**Task item:** Send back the listing, word for word.
§ §
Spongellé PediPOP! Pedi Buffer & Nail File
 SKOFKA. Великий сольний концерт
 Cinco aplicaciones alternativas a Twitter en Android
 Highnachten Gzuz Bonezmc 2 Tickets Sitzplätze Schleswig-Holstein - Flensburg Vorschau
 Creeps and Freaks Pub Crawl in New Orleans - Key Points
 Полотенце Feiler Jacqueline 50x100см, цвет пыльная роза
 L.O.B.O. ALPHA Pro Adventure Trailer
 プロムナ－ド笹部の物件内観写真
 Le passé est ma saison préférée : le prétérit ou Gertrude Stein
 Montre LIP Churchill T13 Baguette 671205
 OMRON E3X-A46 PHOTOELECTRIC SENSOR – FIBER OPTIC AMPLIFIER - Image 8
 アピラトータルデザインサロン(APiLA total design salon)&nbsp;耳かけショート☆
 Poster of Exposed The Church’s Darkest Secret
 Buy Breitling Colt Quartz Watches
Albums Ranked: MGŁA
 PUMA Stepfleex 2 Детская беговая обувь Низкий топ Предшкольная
§ §
**Solution:**
Spongellé PediPOP! Pedi Buffer & Nail File
 SKOFKA. Великий сольний концерт
 Cinco aplicaciones alternativas a Twitter en Android
 Highnachten Gzuz Bonezmc 2 Tickets Sitzplätze Schleswig-Holstein - Flensburg Vorschau
 Creeps and Freaks Pub Crawl in New Orleans - Key Points
 Полотенце Feiler Jacqueline 50x100см, цвет пыльная роза
 L.O.B.O. ALPHA Pro Adventure Trailer
 プロムナ－ド笹部の物件内観写真
 Le passé est ma saison préférée : le prétérit ou Gertrude Stein
 Montre LIP Churchill T13 Baguette 671205
 OMRON E3X-A46 PHOTOELECTRIC SENSOR – FIBER OPTIC AMPLIFIER - Image 8
 アピラトータルデザインサロン(APiLA total design salon)&nbsp;耳かけショート☆
 Poster of Exposed The Church’s Darkest Secret
 Buy Breitling Colt Quartz Watches
Albums Ranked: MGŁA
 PUMA Stepfleex 2 Детская беговая обувь Низкий топ Предшкольная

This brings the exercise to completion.